Che cosa significa il titolo originale del film Lingui?

Si tratta di una parola in arabo ciadiano che significa legame o connessione. Più generalmente, è ciò che lega le persone per permettere loro di vivere insieme. È un termine che implica solidarietà, mutuo soccorso, aiutarsi reciprocamente a restare a galla. Io posso esistere solo se anche gli altri esistono, questo è il lingui, questo è il filo comune, il legame sacro del nostro tessuto sociale. Essenzialmente, si tratta di una filosofia altruista. La parola simboleggia la resilienza di una società quando deve affrontare problemi e prove terribili. E quando questo lingui viene spezzato, preannuncia l’inizio di un conflitto. Questa nozione di solidarietà proviene dalla nostra tradizione. Nel mondo moderno, la nozione di lingui tende a scomparire, perché chi governa l’ha distorta. Questa classe di governanti presta poca attenzione al lingui perché è spesso mossa da interessi egoistici a breve termine e si appropria in modo indebito di ricchezze per il proprio profitto, sebbene queste stesse persone che detengono il potere siano cresciute con i valori del lingui.

Come ha trovato le sue attrici, Achouackh che interpreta Amina e Rihane che interpreta Maria?

In Ciad praticamente non esistono attori professionisti, a parte le persone che hanno lavorato con me e che io considero professionisti. Achouackh aveva già rivestito un piccolo ruolo in Grigris. Quando ha letto questa sceneggiatura, ha voluto interpretare Amina. Ha detto che quel ruolo era per lei, mentre io avevo immaginato un’altra persona per quella parte. Ha vissuto a Los Angeles per qualche tempo ed ha molta familiarità con il cinema americano. È anche una madre, e poteva immaginarsi facilmente nei panni di Amina. Ha frequentato dei corsi per imparare come costruire da sola una stufa per cucinare, insomma ha studiato molto per interpretare la parte. Per quanto riguarda Rihane, non avevo preso in considerazione nessun altro per il ruolo di Maria. Appena ci siamo incontrati, mi sono sentito stranamente vicino a lei. È una ragazza brillante, e ha fatto un ottimo lavoro nei provini iniziali. La sua sorella maggiore aveva avuto una parte in Abouna, ma non sapevo che fossero sorelle e Rihane non sapeva che avevo diretto Abouna! Questa è stata un’altra coincidenza sorprendente. A volte devi credere nei segni, specialmente quando si tratta del processo creativo.

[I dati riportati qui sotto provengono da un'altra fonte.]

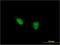 Teashirt Zinc Finger Homeobox 1 antibody, H00010194-M07, Novus Biologicals, Immunofluorescence image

Ha incontrato ostacoli nel realizzare il suo film in Ciad?

No. Nei Paesi in cui i cinema non esistono, i film non rappresentano una minaccia per chi sta al potere. Il governo del Ciad ha problemi ben più gravi da affrontare che tenere d’occhio le mie opere. Sono considerato un intrattenitore ed i premi vinti dai miei film sono una fonte di orgoglio. Tutto qui. In Ciad esiste solo un cinema, nella capitale, e le stazioni televisive governative non diffondono i miei film quindi l’intera faccenda muore sul nascere. Ciò nonostante, i miei film vengono visti in Ciad da persone amanti del cinema, grazie ai video club e a cinema raffazzonati alla meglio in cui un monitor prende il posto di uno schermo cinematografico. Una volta, in un villaggio, in un video club locale un mio film ha battuto il record di numero di spettatori che fino a quel momento era stato detenuto da Robocop! Il mio film aveva avuto 5 spettatori in più, e ne ero molto orgoglioso.